We’ve left for all sorts of reasons. There are labor market reasons — lots of available jobs combined with low unemployment means potentially larger salaries — but that is not the primary driver. Most of us have left, instead, for “softer” reasons. We’re burnt out. The pestilent specter hanging over our lives for the last 700 days has forced us to re-evaluate our priorities, and we have reemerged with a growing unwillingness toward work that doesn’t align with our values.

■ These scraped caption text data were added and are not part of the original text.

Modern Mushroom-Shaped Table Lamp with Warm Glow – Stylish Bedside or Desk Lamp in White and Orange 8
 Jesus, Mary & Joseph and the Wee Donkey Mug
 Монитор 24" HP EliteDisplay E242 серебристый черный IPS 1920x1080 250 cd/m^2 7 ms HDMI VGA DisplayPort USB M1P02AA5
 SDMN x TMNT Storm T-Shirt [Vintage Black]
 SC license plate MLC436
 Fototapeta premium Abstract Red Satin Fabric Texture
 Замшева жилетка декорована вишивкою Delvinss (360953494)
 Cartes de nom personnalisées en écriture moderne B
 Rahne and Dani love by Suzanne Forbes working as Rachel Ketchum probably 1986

In a 1954 speech to the World Council of Churches, President Dwight D. Eisenhower famously said that there were “two kinds of problems, the urgent and the important. The urgent are not important, and the important are never urgent.” Four million Americans a month have been realizing we’re stuck in jobs that prioritize the urgent but unimportant.

The Great Resignation has been our response.

Source: World Economic Forum

Things have started to change. Job numbers in the first quarter of 2022 have outperformed economic forecasts, with March’s numbers dropping the unemployment rate to the lowest it’s been since the pandemic started.

In other words, after walking away from our jobs, we’ve started to walk back.

But what are we walking back toward?

I’ve been there. I’m a cancer surgeon who works on hospital ships in sub-Saharan Africa. I also never wanted to be a doctor. And in 2018, I quit my own US practice because it no longer aligned with my priorities.

Moving from not wanting to be a doctor to surgery on hospital ships and then a career in global health has taught me that we thrive at the intersection of four questions: What am I good at? What does the world need? What do I love? And what can I be paid for?

It is a high bar to meet. Few, if any, careers match all four questions, so we’re tempted to throw one or two away, convincing ourselves that we’re happy enough…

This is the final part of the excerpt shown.